Dans 1 litre d’eau produit par la condensation dans un nuage, plus de 120'000 calories sont libérées. Il est difficile d’imaginer l’énergie produite par un ouragan en un jour ; selon Météo-France, elle correspond à la moitié de la production mondiale d’électricité.

De même, les perturbations et les milliards de mètres cubes d’eau qu’elles déversent entre les pôles et les tropiques ne sont rien d’autre qu’un transfert de chaleur des régions les plus chaudes vers les régions les plus froides. Sans ce transfert et cette répartition de chaleur, une toute petite partie seulement de notre planète serait habitable, coincée entre des latitudes trop chaudes et des latitudes trop froides. Lors de son transfert, l’énergie est stockée sous forme de chaleur latente dans la vapeur d’eau véhiculée par les courants d’altitude.
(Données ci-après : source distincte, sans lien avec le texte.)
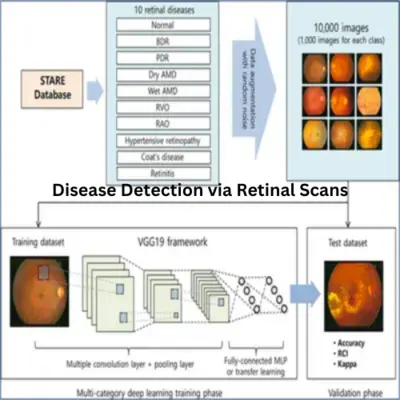 Disease detection via Image Scan web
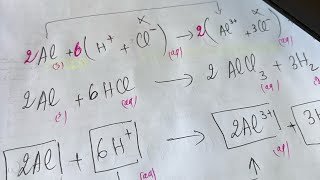 الجزء الثاني من لائف المراجعة الشاملة لفرض فصل الثاني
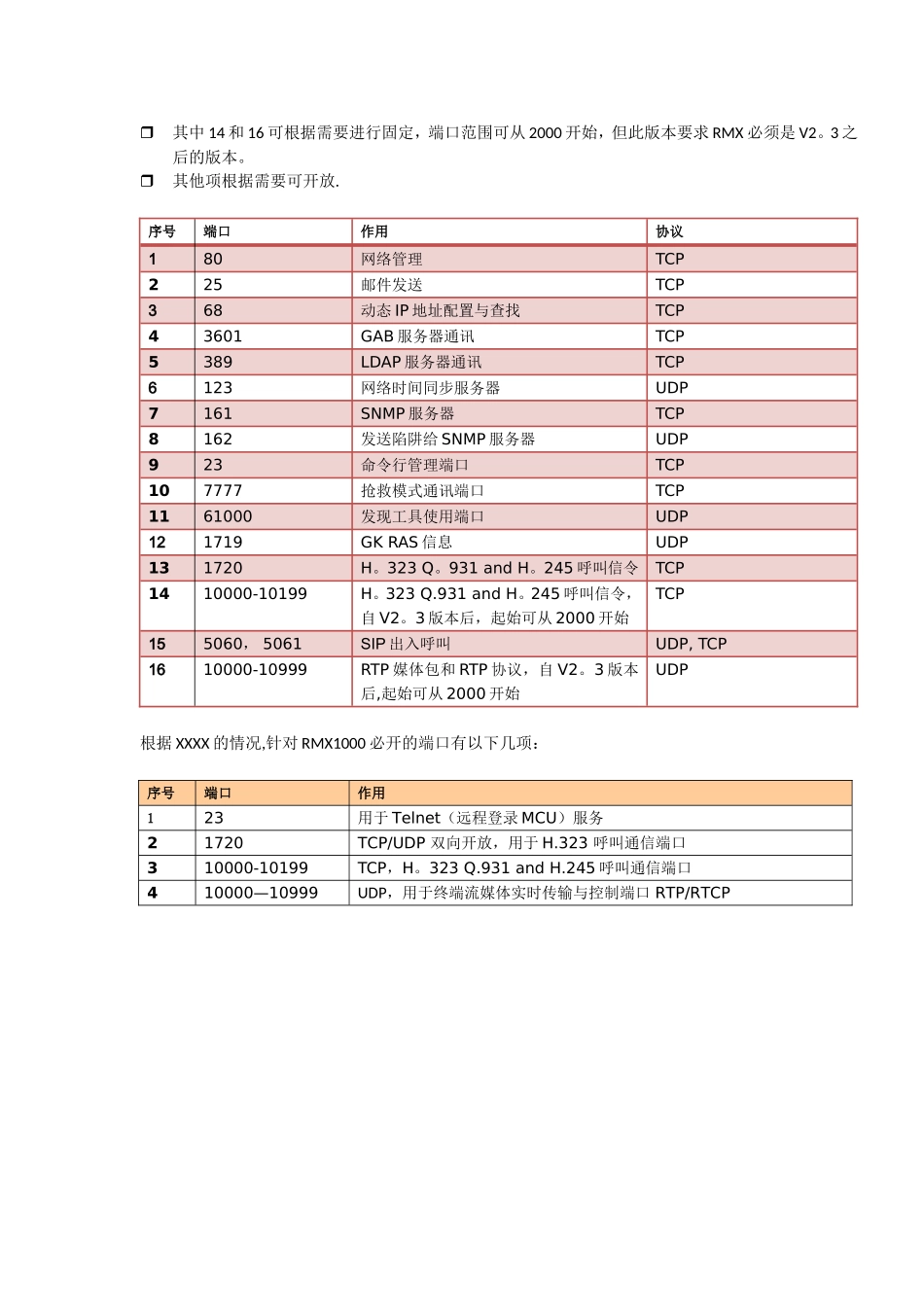 Polycom视频设备使用的端口和协议_第2页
Il ne faut donc pas s’y tromper, paradoxalement c’est la pluie et la neige qui fournissent aux zones tempérées dans leur globalité la chaleur nécessaire à la vie. Le refroidissement que nous ressentons fréquemment lorsqu’il pleut est dû pour sa part au changement de masse d’air, à l’évaporation d’une partie des précipitations ou encore à la survenue dans les basses couches de l’atmosphère d’air originaire de haute altitude, sans oublier le vent qui accentue la sensation de froid.

Ici donc, comme dans bien des domaines, nos sens nous jouent des tours, et c’est tout le mérite de la science de ne pas s’arrêter aux apparentes évidences.